Mostly the screenwashes containing *methanol* are bad for all the above.


----------



## Rayner (Aug 16, 2012)

noscream said:


> Hi Guys,
> I have an Audi A6 with pearlescent paint, Got this & been using it, no problems.
> 
> You have to remember Antifreeze like others have said is a term meaning protection against freezing & many chemicals are used to do this. The antifreeze in your engine flows through all your rubber hoses & they last for years & is recommended for three things, it prevents freezing of the coolant/water , helps inhibit rusting of the internals & helps improve the heat transferring properties of your coolant water..
> ...


Mate, I think you may have too much time on your hands

Very useful though.
Thanks


----------



## eccie (Jun 7, 2009)

I got some for the first time 3 weeks ago, I'm using it in a Golf & Audi. Its working fine for me, good performance, no smearing (I've got G1 on both windscreens), in fact no issues & I've got fan jets


----------



## isherdholi (Sep 18, 2007)

The fact that its German, blue in colour and those mixing ratio's make me wonder whether this is the same stuff that BMW sell.

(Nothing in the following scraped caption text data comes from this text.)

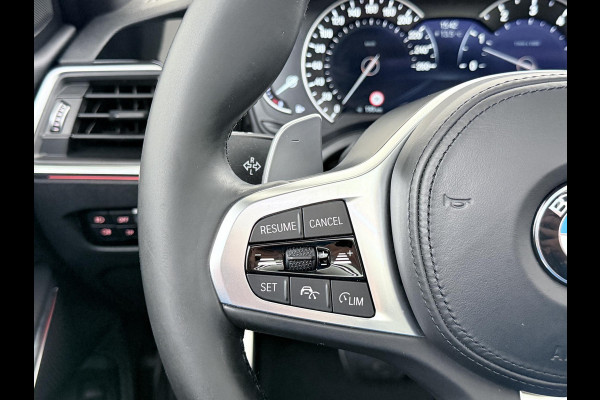 BMW 3 Serie Touring 320i Executive M Sport PANORAMADAK | ADAPTIVE CRUISE | BMW DEALER ONDERHOUDEN | GROOT ONDERHOUD GEHAD | RIJKLAAR | ELEKTRISCHE ACHTERKLEP | CAMERA | STOELVERWARMING | 12 MND BOVAG GARANTIE | APPLE CARPLAY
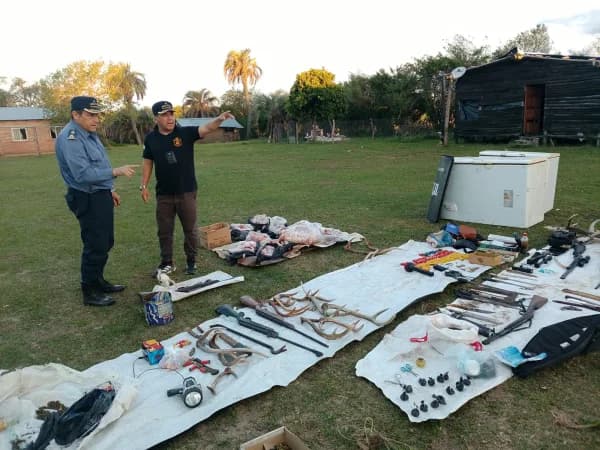 Incautan droga, armas de fuego y carne de animales silvestres en un coto de caza del interior de Corrientes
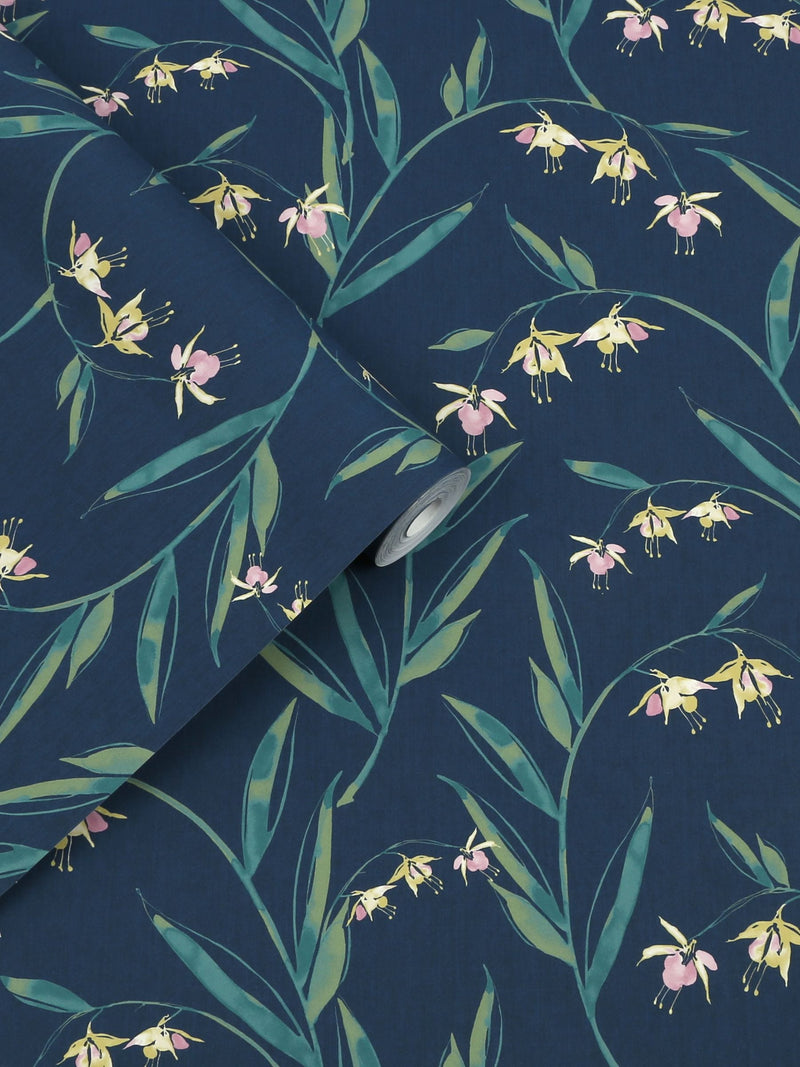 Laura Ashley Fulwell Fuchsia wallpaper roll 10m - British product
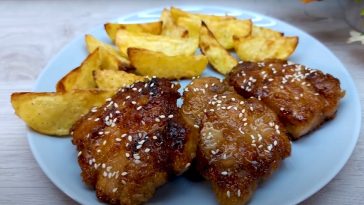 Cerdo crujiente con Papas al Horno: una combinación perfecta para una cena especial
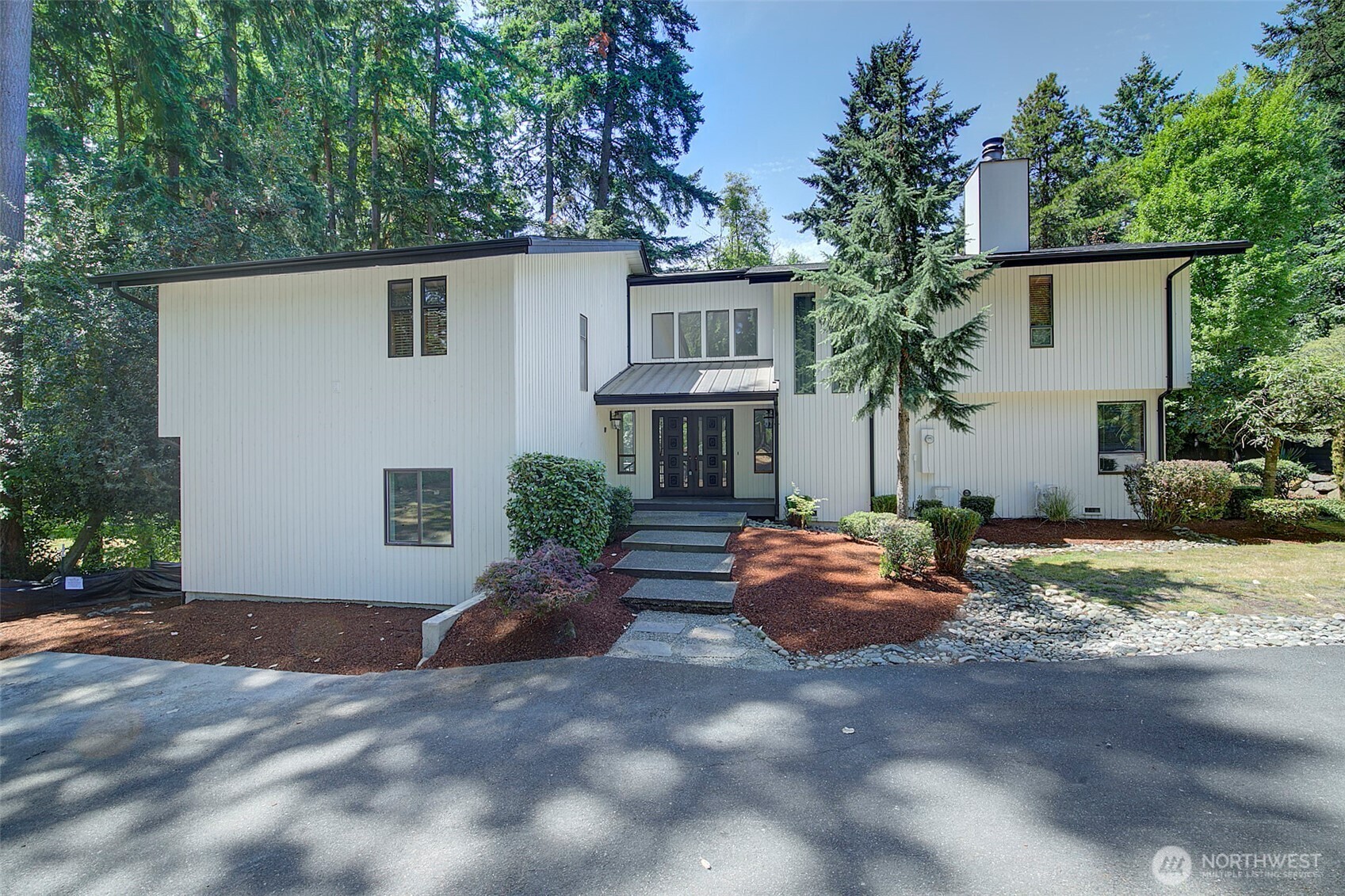 Property Photo: 11503 Juanita Drive NE WA 98034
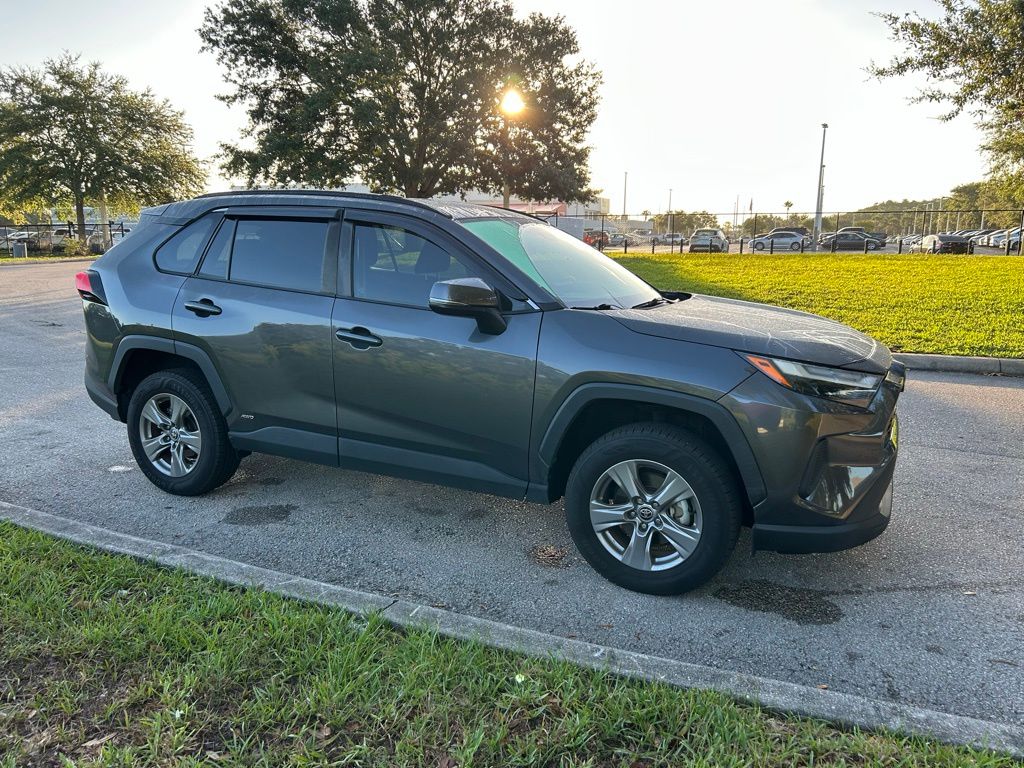 Thumbnail: 2022 Toyota RAV4 - 7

http://www.bmwpartshop.co.uk/product/Screenwash_5_Litre_83122298207


----------



## Trip tdi (Sep 3, 2008)

isherdholi said:


> The fact that its German, blue in colour and those mixing ratio's make me wonder whether this is the same stuff that BMW sell.
> 
> http://www.bmwpartshop.co.uk/product/Screenwash_5_Litre_83122298207


Someone has tracked my thread down, it's a very old one 

The Lidl is darker Blue in colour, the BMW screenwash from the picture is lighter blue in colour, I doubt they are the same but could be from the same factory with a different colouring agent, the only way of testing is buying two and compare, but my instinct is telling me they are different.


----------